Before Tuesday’s vote, McConnell urged senators to take the first step to “provide relief on this failed left-wing experiment.”
“I’d like to reiterate what the president said yesterday. ‘Any senator who votes against starting debate,’ he said, ‘is telling America that you are fine with the Obamacare nightmare…’ That’s a position that even Democrats have found hard to defend,” McConnell said.
The fate of the vote was uncertain as recently as Tuesday morning. Conservative Sen. Rand Paul (R-Ky.), moderate Sen. Shelley Moore Capito (R-W.Va.) and vulnerable incumbent Sen. Dean Heller (R-Nev.) waited until the final hours before the vote to announce they would support opening debate on the bill.
Paul’s vote was conditioned on the party agreeing to move quickly to a vote on repealing without a replacement. The other amendment would be a leadership-designed repeal and replace bill, he said.
Heller said his support for whatever emerges later is not assured.
“If the final product isn’t improved for the state of Nevada, then I will not vote for it; if it is improved, I will support it,” Heller said.
Capito said she is “committed to reforming our health care system” while also addressing her concerns, which have centered on Medicaid.
Johnson declined to reveal how he would vote up to 20 minutes before the vote started. “No comment,” he repeatedly told reporters.

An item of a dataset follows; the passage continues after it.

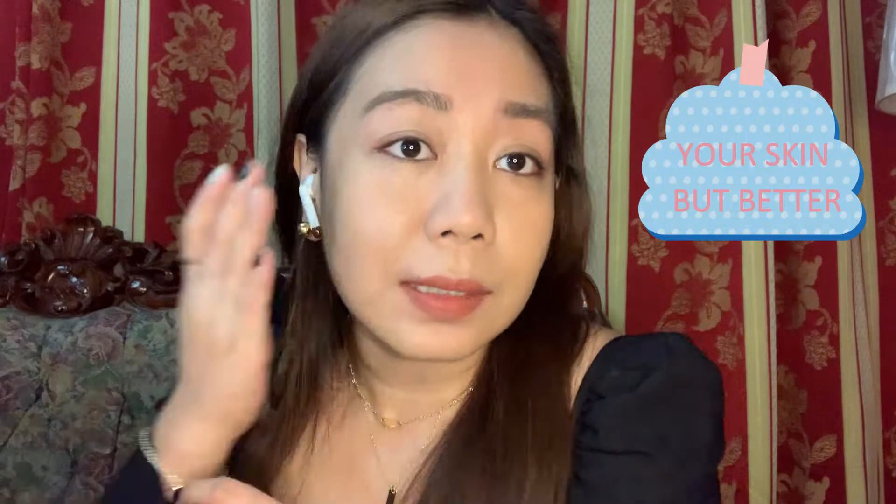Definitely your skin but better. I should have tried it on the other half first so you can see the difference, but this is how it looks after putting on the tinted moisturizer. I like it. I don't have a NARS concealer with me, so since we're doing a no-makeup look, I feel like this is good enough. Next, we're going to try the NARS blush.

McConnell and his leadership team threw everything they had at wavering senators: the threat of political disaster if they fail, an open amendment process to allow their ideas to be debated — and the argument that a flawed Senate bill can be fixed later in conference negotiations with the House. Even McCain’s return was used as a sign of positive momentum.
“If we can get the bill through the Senate we can start negotiations with the House,” Cornyn said.